Momentum created by success has a way of creating more success. 

It’s a hypothesis as old as Aristotle and its goes something like this: small, random wins lead to larger wins which eventually lead to ever greater wins.

Talent, persistence, hard work, and luck are important factors, but there’s nothing like a series of small wins to build a foundation of long-term success. Multi-generational family businesses know this well, and so do we at Family Enterprise USA and The Policy and Taxation Group.

The end of the year is always a good time to reflect, and sometimes the big and little wins are worthy of celebration.

The last 12 months have propelled us to a new level, one we’ve talked about for years, but never achieved until this year. The biggest win: The Congressional Family Business Caucus. After so many years of battling, family businesses have an official voice in our Nation’s capital. 

It’s hard to overstate the importance of this win. Family Enterprise USA and The Policy and Taxation Group were instrumental in the support and creation of this bipartisan Caucus, and in 2023 we hosted each of the first three Capitol Hill meetings.

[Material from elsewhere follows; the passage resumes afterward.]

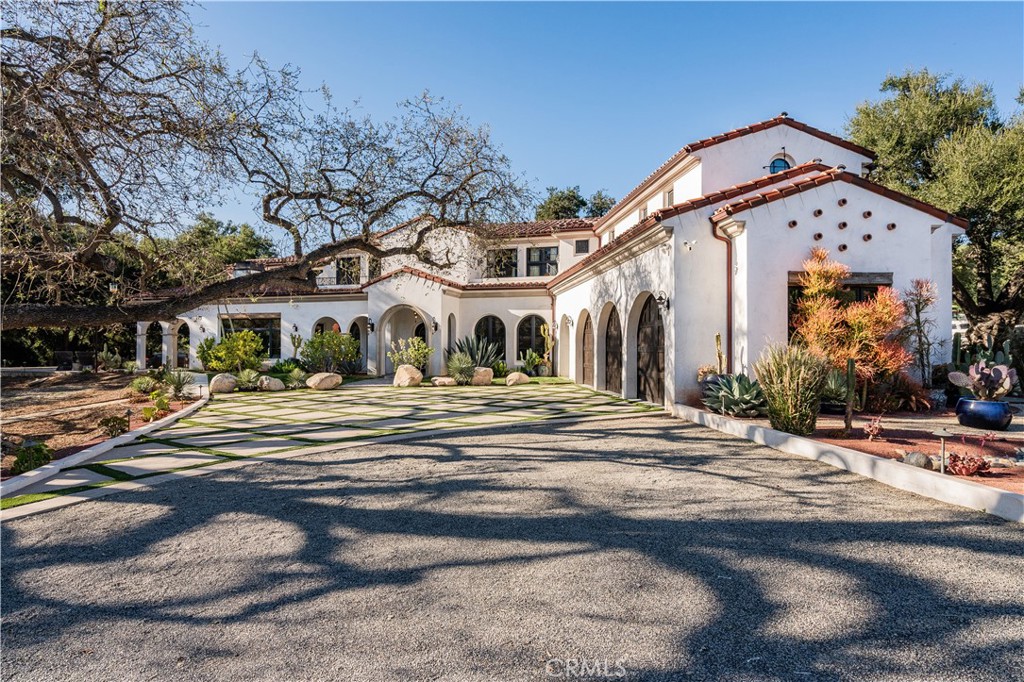 6451 Chesebro Road Property Photo 1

If you are a regular supporter you know the Caucus is co-led by Reps. Jodey Arrington (TX-19), Brad Schneider (IL-10), Henry Cuellar (TX-28) and Claudia Tenney (NY-22). To date, the Caucus has 31 members of Congress signed on to its mission. The mission is simple: to educate our leaders on Capitol Hill on the power and size of America’s family businesses. Family business comprise nearly 60% of the U.S. workforce and are a $7.7 trillion contributor to U.S. GDP.  

Legislative Wins

The combined legislative years of year 2022-23 will go down as one of the strongest periods of legislative wins helping family businesses. The last 18 months have seen significant progress in passing, or stopping, federal legislation considered significant for family enterprises large and small, including the re-shaping of tax provisions proposed early in the Build Better Back Act and Inflation Reduction Act.

The wins include stopping income tax increases for family businesses and successful individuals, planned increases in the estate tax rate and reduction in lifetime exemption, and the potential elimination of valuation of discounts for estate tax purposes.

These intricate policies are among just a few of the actions Family Enterprise USA and The Policy and Taxation Group worked hard to educate Congress on over the course of the last year.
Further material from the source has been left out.